## DATA SEGMENT:
⟨
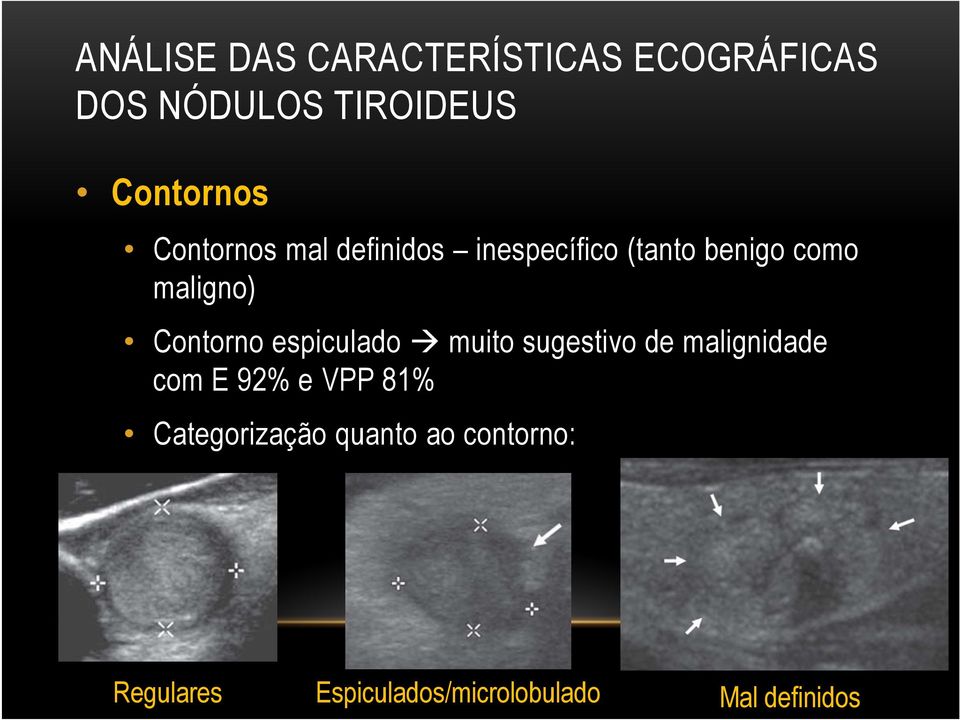 Contorno espiculado muito sugestivo de malignidade com E 92% e VPP 81%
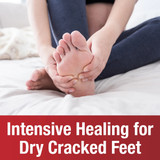 Intensive healing for dry cracked feet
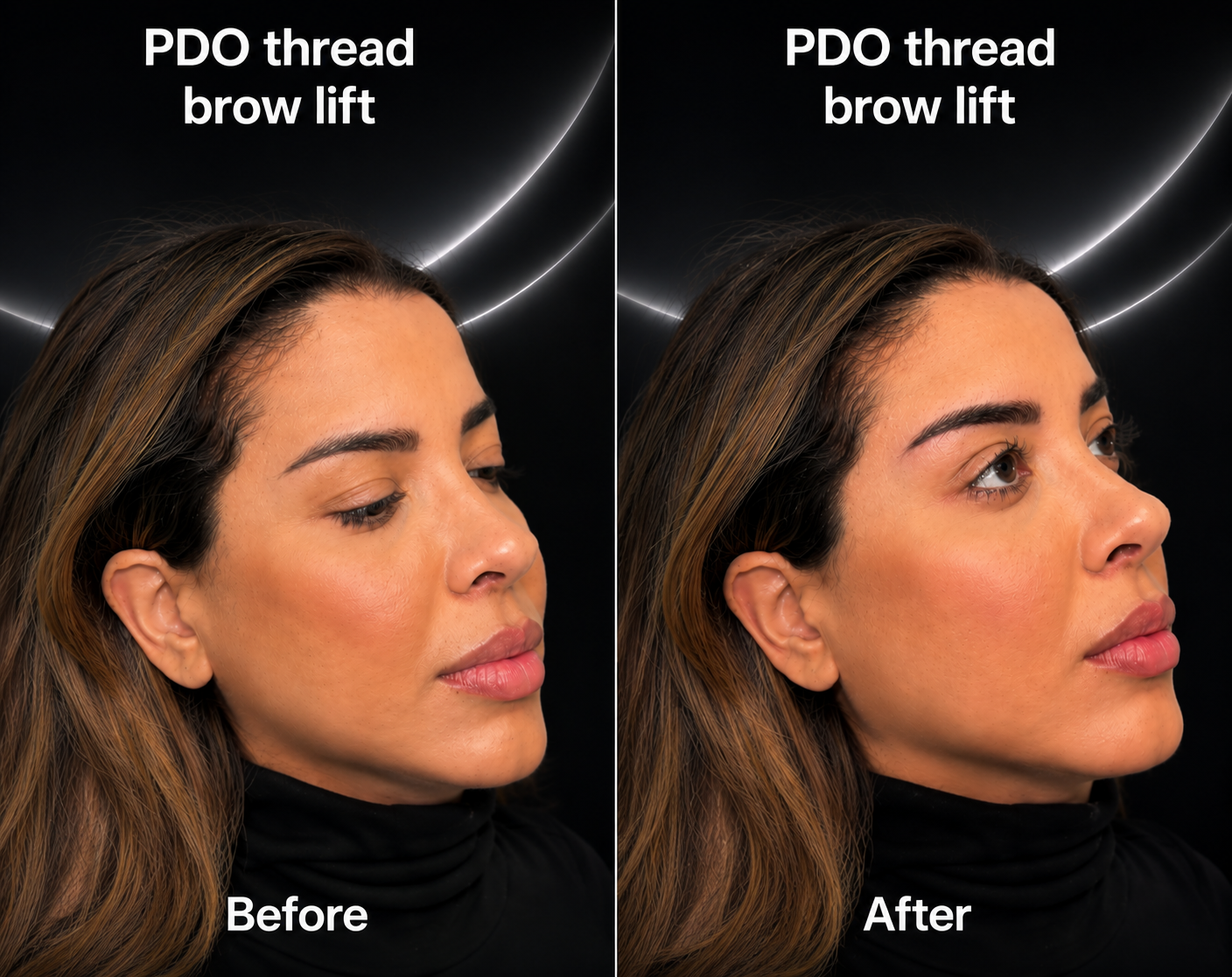 Side-by-side comparison of a woman's face showing benefit of PDO thread brow lift, with before and after images. The woman has light skin and brown hair, with the after image showing a slightly lifted brow arch.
⟩
## ABOUT THIS EXERCISE:
Restate every line above exactly, omitting images.

## EXERCISE RESULT:
 Contorno espiculado muito sugestivo de malignidade com E 92% e VPP 81%
 Intensive healing for dry cracked feet
 Side-by-side comparison of a woman's face showing benefit of PDO thread brow lift, with before and after images. The woman has light skin and brown hair, with the after image showing a slightly lifted brow arch.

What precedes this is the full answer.